U of Florida Tentatively Will Allow Richard Spencer to Speak

September 8, 2017

The University of Florida tentatively will allow white nationalist Richard Spencer to speak on campus in October, a reverse on its initial refusal.

The university blasted Spencer at multiple points in a statement Thursday, but said as a public institution it was required to try to find him a time and place to speak. It has set Oct. 19 as the possible date for his talk.

Spencer helped found and now is a leader in the “alt-right” movement, characterized by white supremacist and racist views. He was a visible figure during the deadly protests in Charlottesville, Va., where white nationalists both marched on the University of Virginia campus and the city.

Following the unrest, University of Florida – along with other colleges and universities across the country – refused the request from Spencer and his group, the National Policy Institute, citing possible safety concerns akin to Charlottesville.
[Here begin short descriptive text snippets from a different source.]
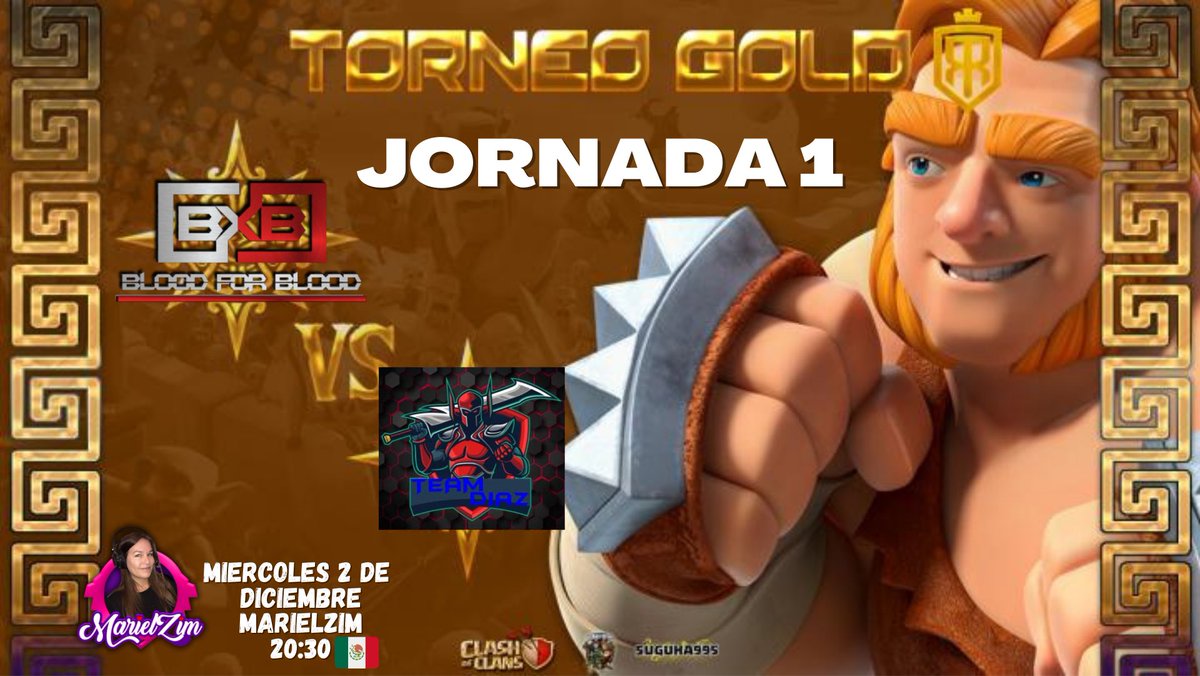 JORNADA 1 <a href="/reinasyreyescoc/">reinasyreyescoc</a> 🔥

TERROR HISPANO 🆚 EACC

📌22.30🇦🇷🇨🇱20.30🇨🇴19.30🇲🇽
                           
BLOOD FOR BLOOD 🆚 TEAM DIAZ
📌23.30🇦🇷21.30🇨🇴20.30🇵🇪🇲🇽

💟Twitch: twitch.tv/marielzim

🎬Youtube: youtube.com/channel/UCDYQo…

📘Facebook: facebook.com/MarielZim-5940…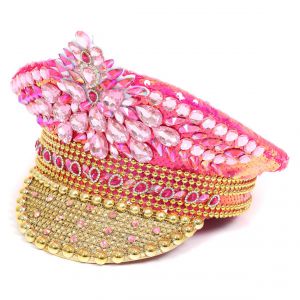 Kapiteinspet deLuxe Pailletten Roze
The university said has met daily with local, state and federal law enforcement to discuss a security plan and will now determine the security risks and costs of such a speech.  It stressed that the date is unofficial until a contract is signed and those risks can be averted.

“UF deplores Spencer’s and the National Policy Institute’s rhetoric and views, which run counter to those of this institution. We also acknowledge that many of our students, faculty and staff are disproportionately impacted by their racism,” the statement reads.

“While this event is not in any way affiliated with the university, UF supports the constitutional right to free speech, and our role as a public university includes legal obligations to allow a wide range of viewpoints to be expressed by external groups – even when they are contrary to the core values of our university.”

Pennsylvania State University, Michigan State University and Texas A&M University have also turned Spencer down. A Georgia State University student has sued Michigan State in federal court on Spencer’s behalf to try to assure he can appear there.

A similar lawsuit, by the same plaintiff, was successful at Auburn University, which tried to block a speech by Spencer, though a judge ruled it could not.